Ce dimanche 29 janvier, Les Passions–Orchestre baroque de Montauban, dirigé par Jean-Marc Andrieu, qui viennent de fêter leur 25 ans, invitaient le public à «Une soirée chez Riquet». Ce récital a été créé en 2010, mais c’était une première dans le cadre superbe de l’Orangerie du Château de Rochemontès à Seilh, du plus pur style XVIII°, aux couleurs chaudes de briques et de poutres apparentes, archicomble grâce à l’entregent des organisatrices, Catherine Kauffmann Saint Martin, (la pétulante Folle de Musique de Radio Altitude FM), et Christine de Roaldes-d’Huy, (fille du maître de céans, descendant de Pierre-Paul Riquet !). Plus que jamais, il est louable de rendre hommage à celui qui aurait pu se contenter de ramasser les impôts, mais au contraire sacrifia sa vie et sa fortune pour offrir à l’Humanité un don inestimable, classé à juste titre au Patrimoine mondial de l’Unesco, même s’il n’est plus emprunté aujourd’hui que par des plaisanciers.
Sous un portrait en médaillon (que n’aurait pas renié Nicolas de Largillierre) du génial « inventeur », les chaises, le petit bureau et le fauteuil de style Louis XVI rustique semblaient venus tout droit de son château de Bonrepos.
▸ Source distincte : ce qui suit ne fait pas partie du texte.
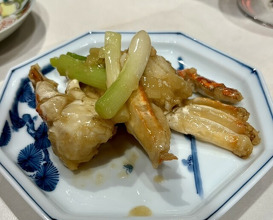 Dinner at Tanaka Yoshihide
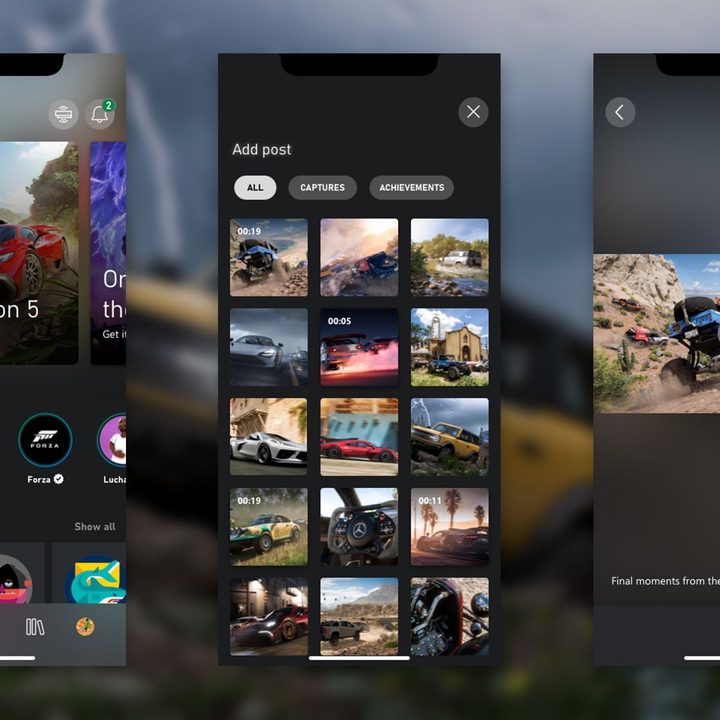 Xbox App User Stories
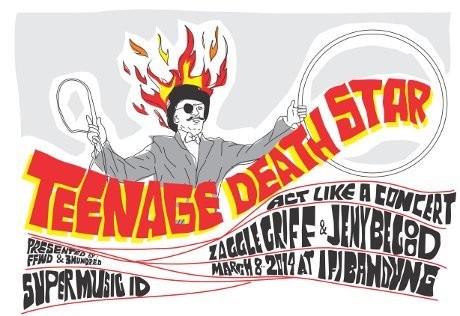 Teenage Death Star Gelar ACT LIKE A CONCERT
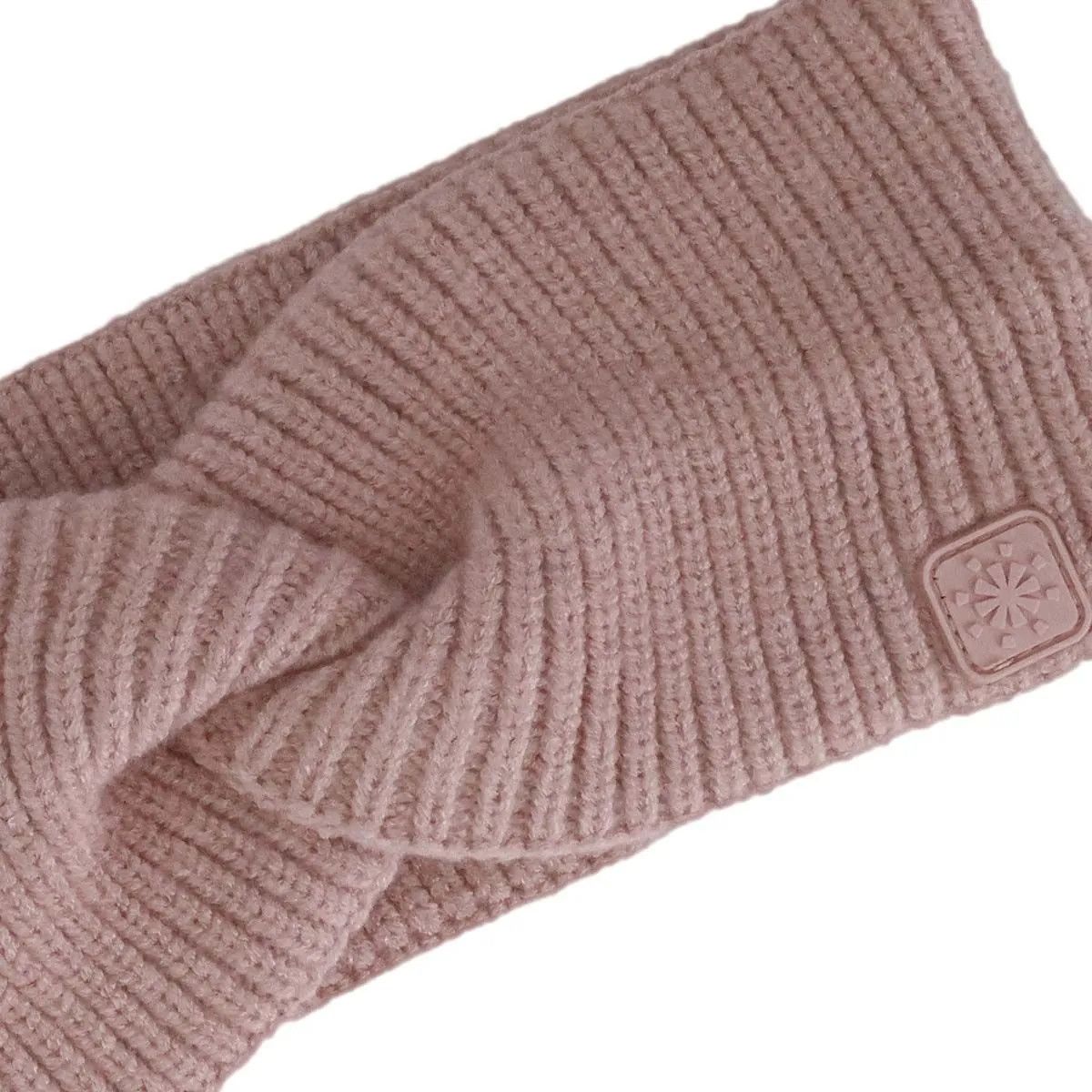 Calikids W2517 Knit Headband Misty Rose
Nous avons assisté à la rencontre entre le grand homme et un musicien qui aurait pu être son contemporain, devant un public que les artistes ont imaginé composé de ses « bras », de ces ouvriers participant à la réalisation de son « grand œuvre ».
Le comédien Maurice Petit narrait agréablement les heurs et malheurs de la construction de ce Canal du Midi, de cet ouvrage d’art. Il lui manquait peut-être le grain de folie que l’on prête au grand homme, mais il ponctuait heureusement son récit de traits d’humour bienvenus : son « Il n’est pas dans nos usages de faire salon » ne manquait pas de sel, devant un aréopage de notabilités locales et régionales. Et il m’a semblé que Monsieur Riquet souriait dans son portrait. Par contre, l’évocation des arbres dont celui-ci a voulu border son œuvre, sonnait tristement à l’heure où l’on doit les abattre pour cause de maladie inoculée par notre monde moderne ; de même que celle de ses idées « sociales », des congés maladies par exemple, qui en faisait un précurseur en son temps, alors que certains de nos gouvernants s’acharnent à détruire l’héritage du Conseil National de la Résistance qui en fit une réalité avec la Sécurité Sociale.
Mais revenons à l’essentiel : Jean-Marc Andrieu, (flûtiste), Nirina Betoto, (violon), Marjolaine Cabon (viole de gambe) et Florent Marie (théorbe), nous ont régalés avec des œuvres de Marin Marais (dont on se remémore avec émotion « l’incarnation » par Jean-Pierre Marielle et Jordi Savall dans le film Tous les matins du monde d’Alain Corneau), François et Louis Couperin, et Robert De Visée, tout à fait de circonstance. Rondeau , Menuet, Passacaille, Sarabande etc., interprétées avec toujours autant de fougue, de talent…et de passion. Pour Jean-Marc Andrieu, « la musique ancienne est bien une musique de notre temps » : il lui est revenu fort justement de faire renaitre le magnifique Requiem du Maître de Chapelle de la Cathédrale Saint Etienne, Jean Gilles ; et bientôt le Te Deum*. Il n’a pas hésité non plus à mélanger voix baroques, voix populaires, voix d’hommes et de femmes, en compagnie des Sacqueboutiers, mais aussi de musiciens traditionnels, pour un Noël occitan qui a fait date. Son Orchestre illustre parfaitement la définition de la Musique par Geminiani « plaire à l’ouïe, exprimer les sentiments, frapper l’imagination, affecter l’esprit et communier avec les Passions ».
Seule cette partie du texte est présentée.